Cette chatte-là était adulte lorsqu’elle m’a été donnée. C’était une Siamoise de robe chocolat point, d’allure élégante et gracile.
L’histoire commence au bureau avec ma PDG d’alors qui m’avait confié ses tourments :
- « Brigitte , je suis très contrariée » , me dit-elle , en roulant les « r « selon l’accent de la langue roumaine qu’elle avait fort prononcé , c’est que j’ai trop de chats à la maison !!!ajouta-t-elle sur un ton dramatique . Elle résuma :
-« j’ai un grrand amourrr pour ces siamois si beaux avec leurs magnifiques yeux bleus comme l’azur , ils sont si élégants si attachants si sensibles…( soupirs) que je n’ai pas résisté à en avoir un, puis deux, puis trois, puis quatre. Et la !! caataastroophe c’est qu’ils ne s’entendent pas du tout, c’est la guerre, le désastre. Surtout pour la petite Julie qui est rejetée par ses congénères ….une véritable coalition contre elle, la malheureuse . Elle s’est réfugiée sur le haut des placards de la cuisine , vous imaginez ! Je dois monter sur un escabeau pour lui apporter de la nourriture et lui nettoyer son plat de pipi-caca !
Il faut appeler un chat, un chat ,je voyais venir l’embrouille . Je dirais même plus : c’était un abus d’autorité sur personne rendue vulnérable par son inclination envers la gent féline .Et puis , si j’étais admirative sur les talents de docteur en psychologie et de psychanalyste de la dame , je m’interrogeais sur ses talents d’éthologue , comme quoi personne n’est parfait .
C’est vrai que l’appartement se trouvait bien vide, il y avait bien mon amoureux, mais pas encore d’enfant et bizarrement pas de chat non plus, j’étais pile-poil dans la cible. Alors , pourquoi pas cette petite siamoise rejetée , tourmentée par ses coreligionnaires et dont plus personne ne voulait ?
Un peu par curiosité, beaucoup par lâcheté, j’ai accepté de récupérer la minette aux pattes couleurs chocolat, mais à l’essai, genre foyer d’accueil, j’avais quand même ma fierté. Difficile début , elle miaulait tristement jour et nui , réfugiée sous un pan de rideaux d'une chambre où elle ne décarrait pas . Nous lui apportions nourriture et plateau de propreté sur son campement. Bon, elle avait quitté le plafond pour le plancher, une étape de franchie, en quelque sorte. Au bout de 8 jours, notre patience commençait à s’émousser, je suis passée chez le véto, il m’a vendu des pilules calmantes à lui administrer. Cela n’a pas été nécessaire, elle a cessé de pleurer le jour même.

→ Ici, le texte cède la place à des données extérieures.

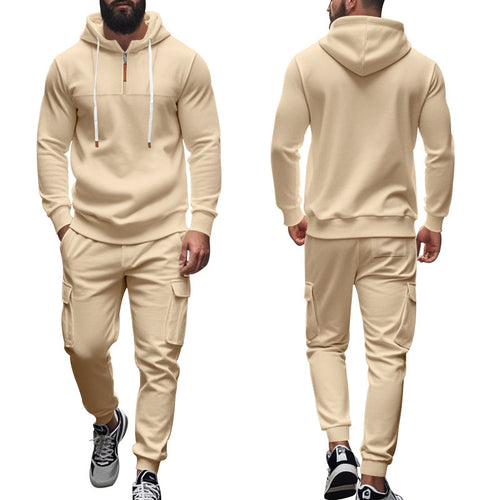 Herrer sporty hoodie og cargo-træningsbukser sæt Stilla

Ce fut une chatte douce et sans malice, pas un poil de névrose. Son ancienne maîtresse avait
certainement durement travaillé avec elle en séances d’analyse, avec divan pour la minette. Je ne me souviens plus si la thérapeute était lacanienne ou de l’école de la cause freudienne, mais le transfert avait été positif, au moins le transfert d’appartement…
Un an plus tard, j’ai attendu ma fille. Julie se couchait sur mon ventre arrondi et ronronnait . Je me suis toujours demandé ce que mon bébé pensait de cette vibration et s’il croyait que c’était moi qui produisais ce son de turbine.
Lorsque je suis rentrée de la clinique avec Delphine, Julie s’est approchée et a humé
consciencieusement, centimètre par centimètre, le tour du couffin puis elle a regardé attentivement ce qu’il y avait à l’intérieur et elle a repris son exploration olfactive. Nous n’étions pas inquiets, ce n’était pas une chatte sans cœur. Tout s’est bien passé, il a fallu que chacun s’adapte, à sa manière, au bouleversement de l’arrivée d’un enfant, le plus difficile a été d’interdire à la minouche la chambre de notre petite princesse.
Julie a vécu avec nous pendant une dizaine d’années. C’était surtout une chasseresse d’oiseaux. Elle réussissait à les choper depuis le balcon de l’appartement parisien. L’été, dans la maison du bord de mer, elle se plantait pendant des heures sous les nids d’hirondelles et attendait l’éventuelle chute d’un hirondeau .
À part cela c’était une chatte très distinguée.